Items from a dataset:
========

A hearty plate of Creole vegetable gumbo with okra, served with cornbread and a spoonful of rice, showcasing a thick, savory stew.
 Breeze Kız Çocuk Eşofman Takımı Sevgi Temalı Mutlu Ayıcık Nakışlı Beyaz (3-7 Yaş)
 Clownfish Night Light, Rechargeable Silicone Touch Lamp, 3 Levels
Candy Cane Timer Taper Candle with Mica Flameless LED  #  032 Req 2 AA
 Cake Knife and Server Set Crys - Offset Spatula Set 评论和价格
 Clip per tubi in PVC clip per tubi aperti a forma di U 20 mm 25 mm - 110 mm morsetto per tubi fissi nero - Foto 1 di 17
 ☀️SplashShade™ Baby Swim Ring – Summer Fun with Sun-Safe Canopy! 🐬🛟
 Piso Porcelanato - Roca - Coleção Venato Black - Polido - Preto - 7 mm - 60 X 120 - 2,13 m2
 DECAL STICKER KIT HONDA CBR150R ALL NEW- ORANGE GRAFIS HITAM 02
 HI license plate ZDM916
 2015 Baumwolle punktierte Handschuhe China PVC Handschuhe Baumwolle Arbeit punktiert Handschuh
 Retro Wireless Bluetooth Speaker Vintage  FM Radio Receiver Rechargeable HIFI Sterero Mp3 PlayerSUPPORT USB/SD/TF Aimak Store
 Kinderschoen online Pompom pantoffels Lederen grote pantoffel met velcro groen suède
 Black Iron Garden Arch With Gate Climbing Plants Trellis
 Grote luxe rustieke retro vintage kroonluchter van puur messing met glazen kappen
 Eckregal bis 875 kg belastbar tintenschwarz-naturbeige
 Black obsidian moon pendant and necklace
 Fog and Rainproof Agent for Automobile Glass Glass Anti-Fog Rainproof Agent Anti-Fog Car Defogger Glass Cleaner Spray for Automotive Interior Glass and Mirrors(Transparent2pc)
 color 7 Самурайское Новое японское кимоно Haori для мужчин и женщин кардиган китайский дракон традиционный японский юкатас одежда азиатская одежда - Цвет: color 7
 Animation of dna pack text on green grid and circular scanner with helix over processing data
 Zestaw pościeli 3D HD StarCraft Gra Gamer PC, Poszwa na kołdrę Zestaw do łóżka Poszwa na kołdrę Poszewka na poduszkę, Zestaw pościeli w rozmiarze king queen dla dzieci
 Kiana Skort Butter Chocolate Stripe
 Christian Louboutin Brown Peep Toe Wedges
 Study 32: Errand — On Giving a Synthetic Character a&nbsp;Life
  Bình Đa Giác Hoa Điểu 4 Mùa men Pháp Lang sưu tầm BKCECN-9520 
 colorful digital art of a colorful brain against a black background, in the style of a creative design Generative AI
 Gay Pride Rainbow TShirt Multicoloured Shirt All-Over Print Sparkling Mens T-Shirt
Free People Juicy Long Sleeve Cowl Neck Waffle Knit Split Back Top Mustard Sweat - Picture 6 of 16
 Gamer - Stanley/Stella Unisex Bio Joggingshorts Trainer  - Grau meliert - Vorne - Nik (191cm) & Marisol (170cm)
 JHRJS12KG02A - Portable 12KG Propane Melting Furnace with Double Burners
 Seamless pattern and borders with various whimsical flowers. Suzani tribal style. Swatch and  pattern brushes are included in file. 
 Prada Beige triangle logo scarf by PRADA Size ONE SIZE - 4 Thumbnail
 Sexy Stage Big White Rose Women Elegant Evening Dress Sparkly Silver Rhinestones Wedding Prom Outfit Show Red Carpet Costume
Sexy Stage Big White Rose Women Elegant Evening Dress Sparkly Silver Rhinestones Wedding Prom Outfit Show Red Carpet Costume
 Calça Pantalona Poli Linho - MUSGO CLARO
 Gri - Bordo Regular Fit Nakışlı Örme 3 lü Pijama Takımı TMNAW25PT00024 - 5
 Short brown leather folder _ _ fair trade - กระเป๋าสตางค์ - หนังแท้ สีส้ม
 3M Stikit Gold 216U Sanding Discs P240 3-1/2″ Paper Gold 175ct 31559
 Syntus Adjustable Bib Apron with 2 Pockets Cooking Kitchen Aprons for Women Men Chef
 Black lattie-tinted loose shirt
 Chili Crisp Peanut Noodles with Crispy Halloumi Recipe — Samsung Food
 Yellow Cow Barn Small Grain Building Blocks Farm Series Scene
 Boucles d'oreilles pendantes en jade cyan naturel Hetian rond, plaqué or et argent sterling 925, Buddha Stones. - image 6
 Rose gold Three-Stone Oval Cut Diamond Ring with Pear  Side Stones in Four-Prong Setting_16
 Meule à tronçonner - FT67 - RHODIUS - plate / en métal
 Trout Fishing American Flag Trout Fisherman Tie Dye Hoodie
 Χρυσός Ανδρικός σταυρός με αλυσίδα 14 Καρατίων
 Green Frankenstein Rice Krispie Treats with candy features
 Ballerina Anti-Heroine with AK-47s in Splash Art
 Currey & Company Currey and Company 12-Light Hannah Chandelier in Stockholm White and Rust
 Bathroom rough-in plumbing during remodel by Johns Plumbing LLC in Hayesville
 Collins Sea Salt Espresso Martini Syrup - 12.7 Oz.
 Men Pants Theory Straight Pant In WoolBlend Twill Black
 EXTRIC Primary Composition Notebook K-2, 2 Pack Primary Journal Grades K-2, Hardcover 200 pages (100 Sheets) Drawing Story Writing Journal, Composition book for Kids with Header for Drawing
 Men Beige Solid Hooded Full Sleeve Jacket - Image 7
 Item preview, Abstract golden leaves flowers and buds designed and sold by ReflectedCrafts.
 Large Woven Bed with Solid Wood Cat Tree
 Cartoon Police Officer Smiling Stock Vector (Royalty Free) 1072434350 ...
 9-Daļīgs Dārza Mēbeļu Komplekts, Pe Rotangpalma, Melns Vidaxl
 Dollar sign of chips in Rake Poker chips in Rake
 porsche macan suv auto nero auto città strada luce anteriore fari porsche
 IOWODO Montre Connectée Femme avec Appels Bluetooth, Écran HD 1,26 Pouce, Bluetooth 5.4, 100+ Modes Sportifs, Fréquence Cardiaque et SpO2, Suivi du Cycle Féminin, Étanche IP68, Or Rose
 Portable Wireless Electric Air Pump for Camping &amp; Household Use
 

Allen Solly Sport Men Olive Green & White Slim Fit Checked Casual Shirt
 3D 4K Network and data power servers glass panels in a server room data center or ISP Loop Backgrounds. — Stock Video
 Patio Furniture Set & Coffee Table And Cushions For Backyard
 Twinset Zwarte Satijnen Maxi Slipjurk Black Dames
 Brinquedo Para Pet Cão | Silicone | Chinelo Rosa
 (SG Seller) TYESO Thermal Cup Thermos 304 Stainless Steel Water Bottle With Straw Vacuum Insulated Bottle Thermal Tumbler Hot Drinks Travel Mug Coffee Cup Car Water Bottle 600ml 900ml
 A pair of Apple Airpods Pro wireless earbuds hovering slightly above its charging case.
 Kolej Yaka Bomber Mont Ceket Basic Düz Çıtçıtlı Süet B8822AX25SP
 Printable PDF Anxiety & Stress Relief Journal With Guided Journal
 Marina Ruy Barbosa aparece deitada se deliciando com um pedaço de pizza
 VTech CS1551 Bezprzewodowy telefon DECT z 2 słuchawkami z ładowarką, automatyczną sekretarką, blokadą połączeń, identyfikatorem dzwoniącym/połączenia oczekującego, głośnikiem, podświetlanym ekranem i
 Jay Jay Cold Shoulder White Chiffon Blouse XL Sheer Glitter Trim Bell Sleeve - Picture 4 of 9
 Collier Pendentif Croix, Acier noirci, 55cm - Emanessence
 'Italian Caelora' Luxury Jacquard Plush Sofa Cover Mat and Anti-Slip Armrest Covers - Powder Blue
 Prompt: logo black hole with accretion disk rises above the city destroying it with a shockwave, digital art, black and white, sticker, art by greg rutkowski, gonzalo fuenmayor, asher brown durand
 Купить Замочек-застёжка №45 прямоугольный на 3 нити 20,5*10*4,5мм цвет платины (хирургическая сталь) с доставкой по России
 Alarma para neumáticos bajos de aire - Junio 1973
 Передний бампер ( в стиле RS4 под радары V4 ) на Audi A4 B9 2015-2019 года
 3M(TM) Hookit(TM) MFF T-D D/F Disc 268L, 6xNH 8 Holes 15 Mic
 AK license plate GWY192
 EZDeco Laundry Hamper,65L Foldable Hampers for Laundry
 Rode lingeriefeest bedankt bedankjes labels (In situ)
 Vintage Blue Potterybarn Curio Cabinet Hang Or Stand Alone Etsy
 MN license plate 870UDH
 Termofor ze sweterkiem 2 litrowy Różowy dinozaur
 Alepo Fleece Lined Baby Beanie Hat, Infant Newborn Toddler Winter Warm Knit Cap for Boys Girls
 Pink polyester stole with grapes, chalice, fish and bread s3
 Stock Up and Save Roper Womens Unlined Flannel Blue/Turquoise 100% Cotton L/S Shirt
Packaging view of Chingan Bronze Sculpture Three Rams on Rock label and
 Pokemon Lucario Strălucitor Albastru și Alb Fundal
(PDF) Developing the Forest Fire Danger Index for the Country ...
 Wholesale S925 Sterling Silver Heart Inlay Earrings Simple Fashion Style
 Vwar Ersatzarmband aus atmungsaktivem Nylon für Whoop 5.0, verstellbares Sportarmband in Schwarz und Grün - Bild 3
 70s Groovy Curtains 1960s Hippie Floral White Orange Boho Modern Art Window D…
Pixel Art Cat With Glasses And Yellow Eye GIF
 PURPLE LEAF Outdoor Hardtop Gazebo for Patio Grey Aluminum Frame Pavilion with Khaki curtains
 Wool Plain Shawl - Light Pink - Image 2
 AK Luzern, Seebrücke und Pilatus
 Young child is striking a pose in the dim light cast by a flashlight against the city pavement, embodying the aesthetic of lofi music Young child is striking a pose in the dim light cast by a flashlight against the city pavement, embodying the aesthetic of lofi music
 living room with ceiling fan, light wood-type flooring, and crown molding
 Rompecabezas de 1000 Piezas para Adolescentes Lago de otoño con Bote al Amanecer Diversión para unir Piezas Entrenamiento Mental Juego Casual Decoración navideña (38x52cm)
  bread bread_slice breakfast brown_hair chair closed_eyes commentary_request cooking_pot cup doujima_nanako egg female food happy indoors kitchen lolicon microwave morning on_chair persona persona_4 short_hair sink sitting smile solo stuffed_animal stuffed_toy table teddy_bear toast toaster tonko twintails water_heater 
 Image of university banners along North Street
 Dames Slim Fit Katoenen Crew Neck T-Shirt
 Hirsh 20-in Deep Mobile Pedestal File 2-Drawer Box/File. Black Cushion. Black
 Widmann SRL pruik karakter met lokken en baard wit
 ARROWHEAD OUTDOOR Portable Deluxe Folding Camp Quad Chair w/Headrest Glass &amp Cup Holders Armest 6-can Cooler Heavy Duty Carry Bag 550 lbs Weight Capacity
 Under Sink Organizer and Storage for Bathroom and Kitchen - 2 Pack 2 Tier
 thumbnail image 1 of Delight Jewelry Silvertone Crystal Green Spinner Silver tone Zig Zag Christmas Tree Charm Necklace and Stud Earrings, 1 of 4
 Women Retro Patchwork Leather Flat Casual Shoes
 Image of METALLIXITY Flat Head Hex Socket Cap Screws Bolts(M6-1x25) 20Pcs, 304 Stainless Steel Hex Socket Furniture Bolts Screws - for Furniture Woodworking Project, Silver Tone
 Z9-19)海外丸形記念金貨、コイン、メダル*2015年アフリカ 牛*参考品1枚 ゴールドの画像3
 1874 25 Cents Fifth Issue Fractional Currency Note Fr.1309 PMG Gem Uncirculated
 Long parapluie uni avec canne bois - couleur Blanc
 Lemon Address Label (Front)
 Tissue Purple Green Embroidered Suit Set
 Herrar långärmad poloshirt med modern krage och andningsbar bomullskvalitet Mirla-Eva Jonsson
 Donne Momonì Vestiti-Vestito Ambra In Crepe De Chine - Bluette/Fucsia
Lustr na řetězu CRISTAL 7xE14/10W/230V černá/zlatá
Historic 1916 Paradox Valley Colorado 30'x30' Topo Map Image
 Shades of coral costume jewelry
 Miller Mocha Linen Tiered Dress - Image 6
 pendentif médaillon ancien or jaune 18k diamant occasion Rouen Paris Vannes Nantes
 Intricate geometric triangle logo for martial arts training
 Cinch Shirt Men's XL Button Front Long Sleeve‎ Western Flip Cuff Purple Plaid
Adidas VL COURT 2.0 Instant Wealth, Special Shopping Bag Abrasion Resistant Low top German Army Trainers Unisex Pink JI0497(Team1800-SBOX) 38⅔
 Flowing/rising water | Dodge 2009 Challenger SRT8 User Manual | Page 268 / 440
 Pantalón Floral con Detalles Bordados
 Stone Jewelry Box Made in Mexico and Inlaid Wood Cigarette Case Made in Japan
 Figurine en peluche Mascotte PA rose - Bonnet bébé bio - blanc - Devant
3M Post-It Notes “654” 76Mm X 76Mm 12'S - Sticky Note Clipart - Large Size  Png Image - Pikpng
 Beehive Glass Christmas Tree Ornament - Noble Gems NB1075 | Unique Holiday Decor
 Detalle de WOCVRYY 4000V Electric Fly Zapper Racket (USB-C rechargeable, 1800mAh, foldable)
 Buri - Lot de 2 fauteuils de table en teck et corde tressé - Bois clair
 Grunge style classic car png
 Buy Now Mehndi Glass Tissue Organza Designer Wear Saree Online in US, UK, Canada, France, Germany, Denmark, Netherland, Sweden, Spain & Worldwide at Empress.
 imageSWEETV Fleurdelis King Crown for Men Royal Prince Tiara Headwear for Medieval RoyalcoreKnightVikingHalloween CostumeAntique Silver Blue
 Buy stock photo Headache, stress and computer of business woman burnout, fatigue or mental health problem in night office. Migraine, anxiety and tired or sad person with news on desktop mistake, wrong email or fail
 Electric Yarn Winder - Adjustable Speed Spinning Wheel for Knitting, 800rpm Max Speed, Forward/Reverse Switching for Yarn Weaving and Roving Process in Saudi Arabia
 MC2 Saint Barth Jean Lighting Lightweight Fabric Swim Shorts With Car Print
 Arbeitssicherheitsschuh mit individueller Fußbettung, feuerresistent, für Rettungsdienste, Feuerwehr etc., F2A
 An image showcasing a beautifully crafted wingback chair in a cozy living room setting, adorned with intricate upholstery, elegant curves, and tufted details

========

TASK PROMPT — Going back to the entries above, set down exactly the lines that begin at the one with "70s Groovy Curtains" and end at the one with "Under Sink Organizer", both included, and nothing else.

THE COMPLETED TASK —
 70s Groovy Curtains 1960s Hippie Floral White Orange Boho Modern Art Window D…
Pixel Art Cat With Glasses And Yellow Eye GIF
 PURPLE LEAF Outdoor Hardtop Gazebo for Patio Grey Aluminum Frame Pavilion with Khaki curtains
 Wool Plain Shawl - Light Pink - Image 2
 AK Luzern, Seebrücke und Pilatus
 Young child is striking a pose in the dim light cast by a flashlight against the city pavement, embodying the aesthetic of lofi music Young child is striking a pose in the dim light cast by a flashlight against the city pavement, embodying the aesthetic of lofi music
 living room with ceiling fan, light wood-type flooring, and crown molding
 Rompecabezas de 1000 Piezas para Adolescentes Lago de otoño con Bote al Amanecer Diversión para unir Piezas Entrenamiento Mental Juego Casual Decoración navideña (38x52cm)
  bread bread_slice breakfast brown_hair chair closed_eyes commentary_request cooking_pot cup doujima_nanako egg female food happy indoors kitchen lolicon microwave morning on_chair persona persona_4 short_hair sink sitting smile solo stuffed_animal stuffed_toy table teddy_bear toast toaster tonko twintails water_heater 
 Image of university banners along North Street
 Dames Slim Fit Katoenen Crew Neck T-Shirt
 Hirsh 20-in Deep Mobile Pedestal File 2-Drawer Box/File. Black Cushion. Black
 Widmann SRL pruik karakter met lokken en baard wit
 ARROWHEAD OUTDOOR Portable Deluxe Folding Camp Quad Chair w/Headrest Glass &amp Cup Holders Armest 6-can Cooler Heavy Duty Carry Bag 550 lbs Weight Capacity
 Under Sink Organizer and Storage for Bathroom and Kitchen - 2 Pack 2 Tier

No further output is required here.